Problem: All of the records must come back exactly as they were given.

*** Block opens ***

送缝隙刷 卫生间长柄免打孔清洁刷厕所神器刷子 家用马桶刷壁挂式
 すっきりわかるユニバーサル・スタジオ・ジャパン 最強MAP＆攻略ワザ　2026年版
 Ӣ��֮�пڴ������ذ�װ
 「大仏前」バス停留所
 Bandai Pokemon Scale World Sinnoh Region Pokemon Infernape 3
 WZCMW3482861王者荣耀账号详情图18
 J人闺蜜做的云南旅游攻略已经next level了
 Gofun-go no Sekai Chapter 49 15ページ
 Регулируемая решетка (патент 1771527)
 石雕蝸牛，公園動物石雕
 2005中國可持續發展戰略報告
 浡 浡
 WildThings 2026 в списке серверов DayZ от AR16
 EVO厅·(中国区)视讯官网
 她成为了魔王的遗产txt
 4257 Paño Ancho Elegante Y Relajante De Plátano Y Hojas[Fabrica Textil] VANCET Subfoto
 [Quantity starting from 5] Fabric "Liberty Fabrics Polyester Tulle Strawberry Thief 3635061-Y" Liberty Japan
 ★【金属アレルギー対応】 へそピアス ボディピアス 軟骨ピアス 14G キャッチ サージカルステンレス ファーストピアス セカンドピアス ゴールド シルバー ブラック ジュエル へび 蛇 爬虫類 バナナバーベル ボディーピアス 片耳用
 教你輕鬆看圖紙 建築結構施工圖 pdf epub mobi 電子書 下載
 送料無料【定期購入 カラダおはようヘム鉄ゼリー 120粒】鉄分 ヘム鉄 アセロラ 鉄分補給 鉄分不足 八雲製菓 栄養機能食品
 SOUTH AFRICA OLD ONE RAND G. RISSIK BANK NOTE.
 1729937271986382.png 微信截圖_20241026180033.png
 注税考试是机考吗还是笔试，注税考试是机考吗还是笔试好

*** Block closes ***

Your solution:
送缝隙刷 卫生间长柄免打孔清洁刷厕所神器刷子 家用马桶刷壁挂式
 すっきりわかるユニバーサル・スタジオ・ジャパン 最強MAP＆攻略ワザ　2026年版
 Ӣ��֮�пڴ������ذ�װ
 「大仏前」バス停留所
 Bandai Pokemon Scale World Sinnoh Region Pokemon Infernape 3
 WZCMW3482861王者荣耀账号详情图18
 J人闺蜜做的云南旅游攻略已经next level了
 Gofun-go no Sekai Chapter 49 15ページ
 Регулируемая решетка (патент 1771527)
 石雕蝸牛，公園動物石雕
 2005中國可持續發展戰略報告
 浡 浡
 WildThings 2026 в списке серверов DayZ от AR16
 EVO厅·(中国区)视讯官网
 她成为了魔王的遗产txt
 4257 Paño Ancho Elegante Y Relajante De Plátano Y Hojas[Fabrica Textil] VANCET Subfoto
 [Quantity starting from 5] Fabric "Liberty Fabrics Polyester Tulle Strawberry Thief 3635061-Y" Liberty Japan
 ★【金属アレルギー対応】 へそピアス ボディピアス 軟骨ピアス 14G キャッチ サージカルステンレス ファーストピアス セカンドピアス ゴールド シルバー ブラック ジュエル へび 蛇 爬虫類 バナナバーベル ボディーピアス 片耳用
 教你輕鬆看圖紙 建築結構施工圖 pdf epub mobi 電子書 下載
 送料無料【定期購入 カラダおはようヘム鉄ゼリー 120粒】鉄分 ヘム鉄 アセロラ 鉄分補給 鉄分不足 八雲製菓 栄養機能食品
 SOUTH AFRICA OLD ONE RAND G. RISSIK BANK NOTE.
 1729937271986382.png 微信截圖_20241026180033.png
 注税考试是机考吗还是笔试，注税考试是机考吗还是笔试好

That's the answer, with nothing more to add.